Verify loop unrolling to force spilling in register allocator

Hello. I’m currently researching the register allocator and am trying to run a simple matrix multiplication c program in C. I like to unroll the inner loop using the clang pragma to force a spill from the register allocator.

My loops with the clang pragma are shown below

for( int i = 0; i < AROW; i++ ) {
        for( int j = 0; j < BCOL; j++ ) {

            result[i][j] = 0;

            #pragma clang loop unroll(32)
            for( int k = 0; k < ACOL; k++ ) {

                result[i][j] += arrA[i][k] * arrB[k][j];


My current build process is using clang to emit the llvm code (.ll file) and then create the .s file using llvm’s static compiler llc.
An example of these two commands is shown below.
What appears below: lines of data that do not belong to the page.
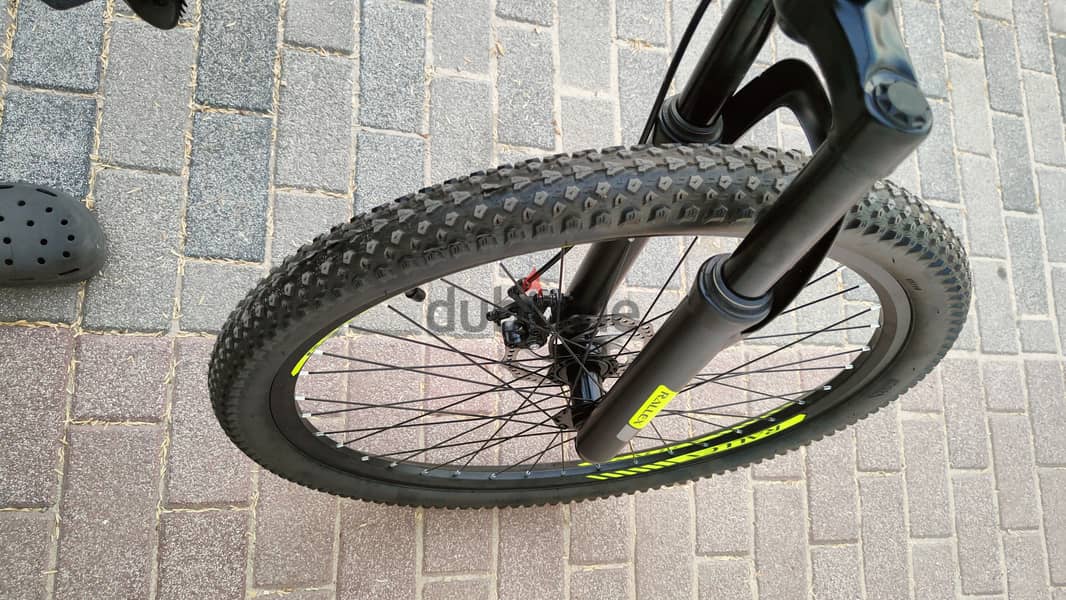 New mountain bicycle 26 rallex 4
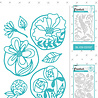 Studio Light Top Flowers Cutting Dies (SL-ES-CD108) (OUTLET)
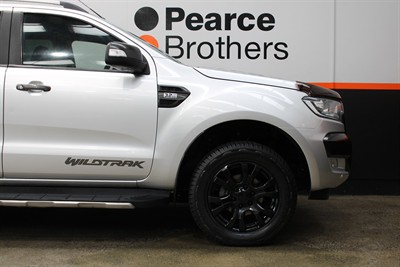 2017 Ford Ranger - Thumbnail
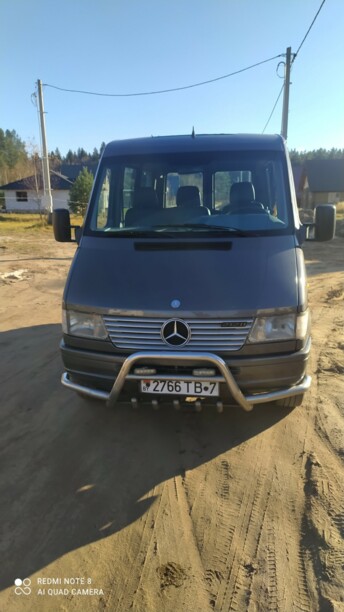 Mercedes-Benz Sprinter 212, 1995 г.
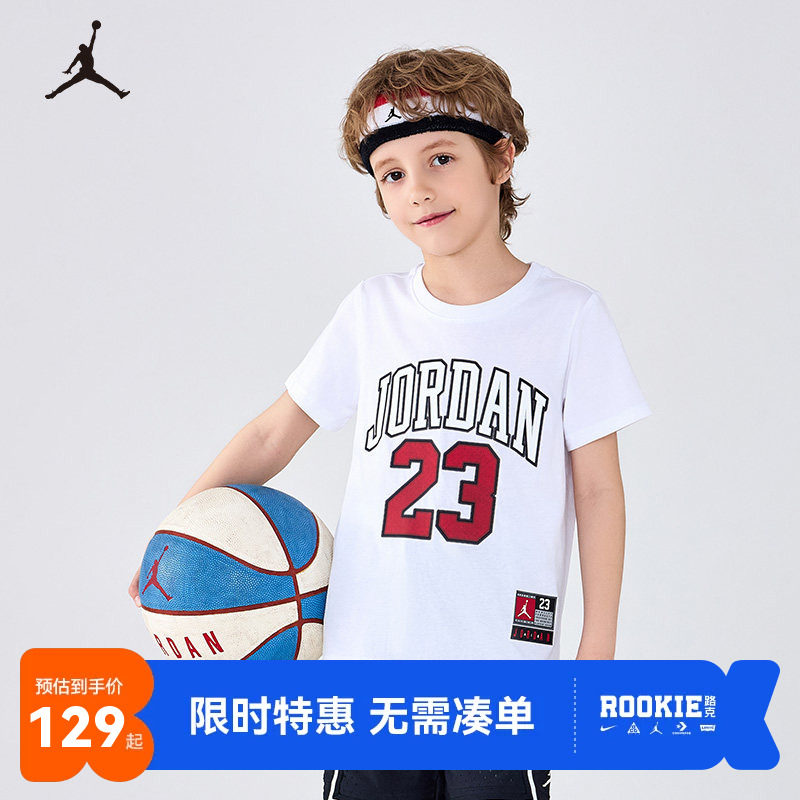 短袖T恤Jordan新品上市图片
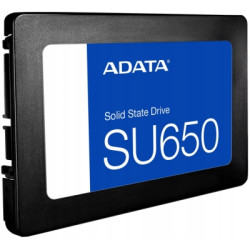 Накопичувач SSD 2.5" 2TB Ultimate SU650 ADATA (ASU650SS-2TT-R)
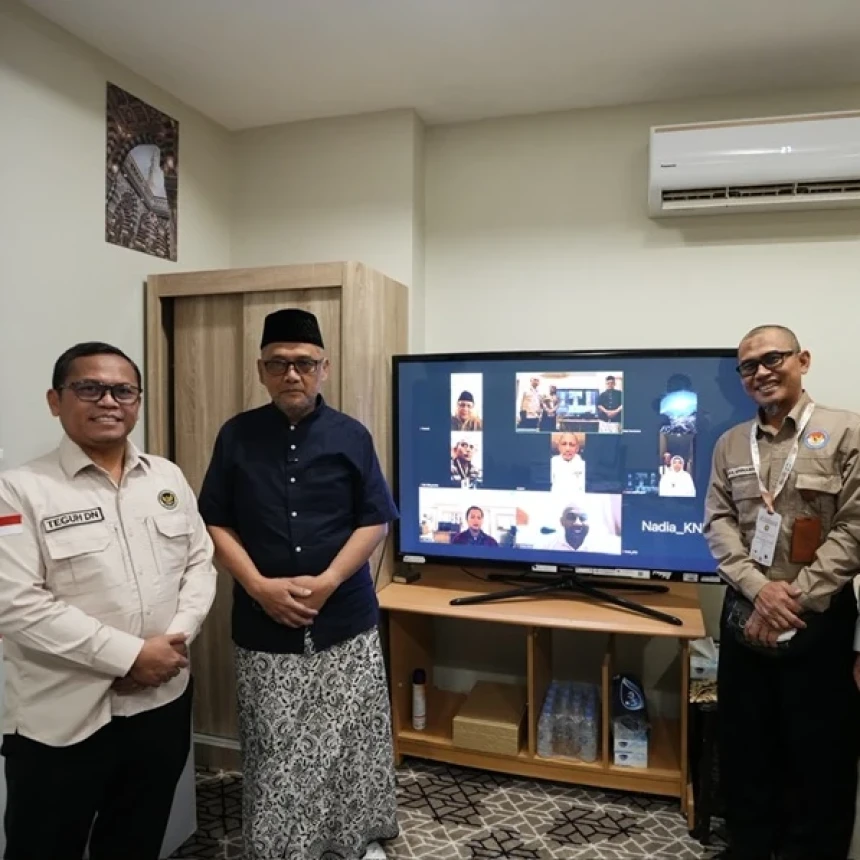 Jamaah Haji Difabel Dorong Penguatan Akses bagi Penyandang Disabilitas di Semua Sektor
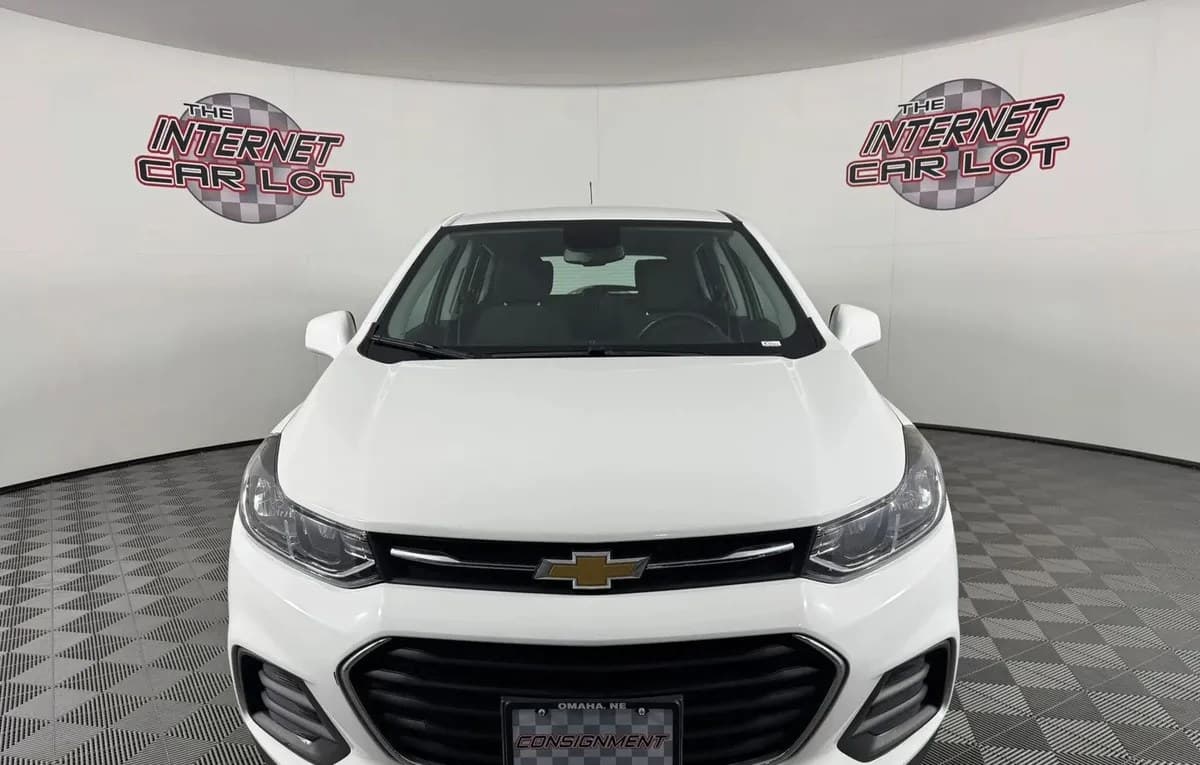 2018 CHEVROLET TRAX LS 1LS 3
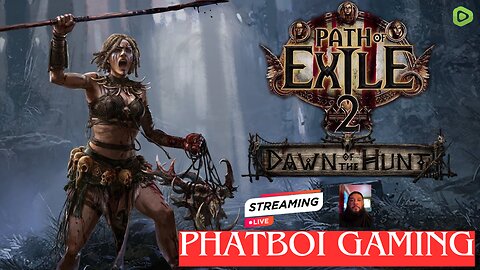 PLAYING A BUILD THAT THE AI GROK MADE FOR ME // FIRE&SLAM BUILD // #PATHOFEXILE2 #POE2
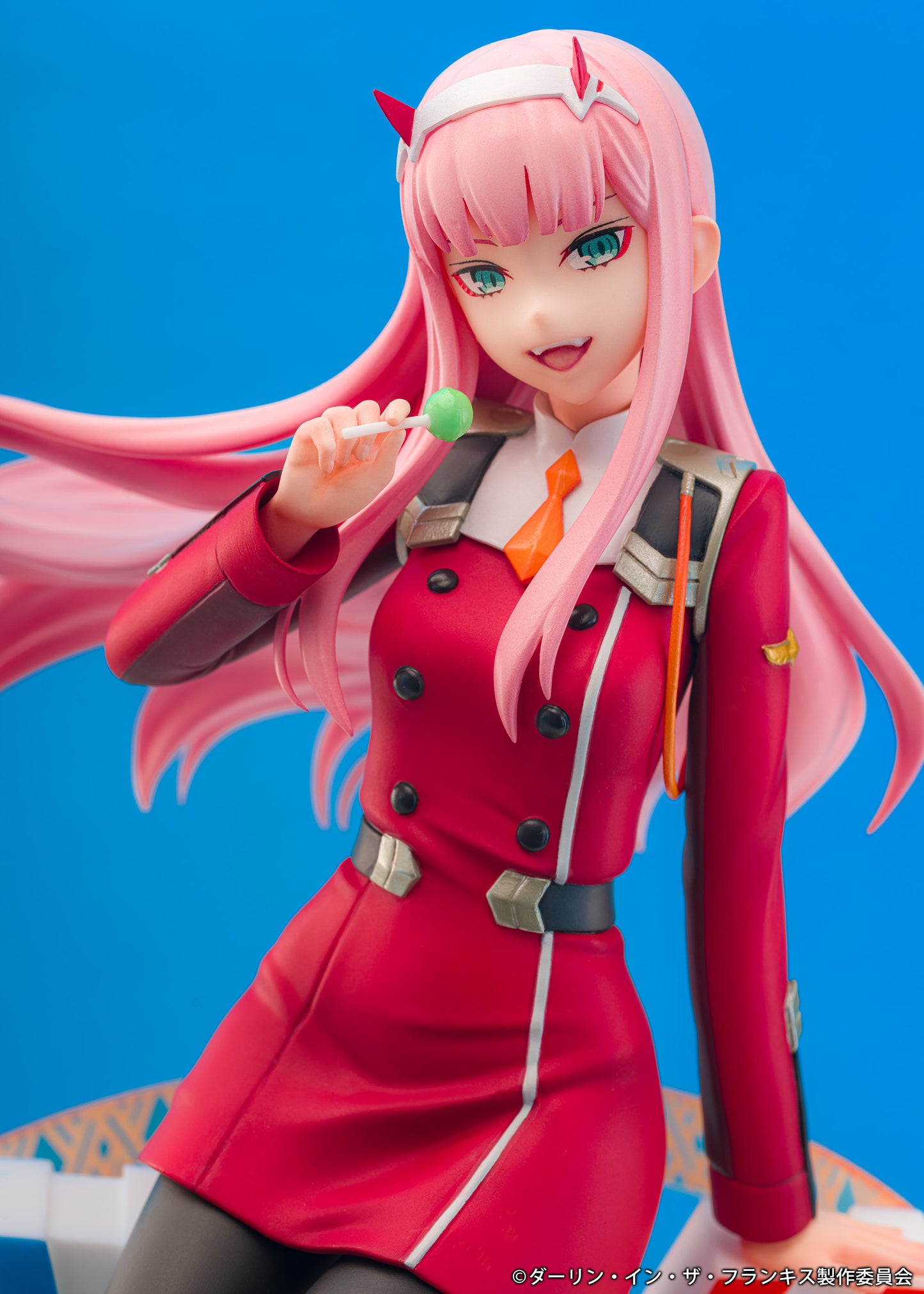 1/7 DARLING in the FRANXX: Zero Two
$ clang -S -emit-llvm -O3 mat_mul.c
$ llc --regalloc greedy -debug-only=regalloc mat_mul.ll > mat_mul.out 2>&1

However, it doesn’t seem that my loop is actually getting unrolled. I was wondering if there was a way to verify that the loop is getting unrolled given my current workflow. If I didn’t explain anything correctly please let me know.



It is always helpful to provide the full program so the people that you ask do not have to write the context to test this out. Also consider godbold links.

Trying this, I get:

<source>:7:39: error: invalid argument; expected 'enable', 'full' or 'disable'
    7 |             #pragma clang loop unroll(32)
      |                                       ^

After changing it to loop unroll_count(32), remarks show:

<source>:8:13: remark: unrolled loop by a factor of 32 with run-time trip count [-Rpass=loop-unroll]
    8 |             for( int k = 0; k < ACOL; k++ ) {
      |             ^
<source>:8:13: remark: unrolled loop by a factor of 32 with run-time trip count [-Rpass=loop-unroll]


Hi @jdoerfert. Thank you for the prompt response. I didn’t know of compiler explorer so I will definitely use that to write down my program there and see how it goes.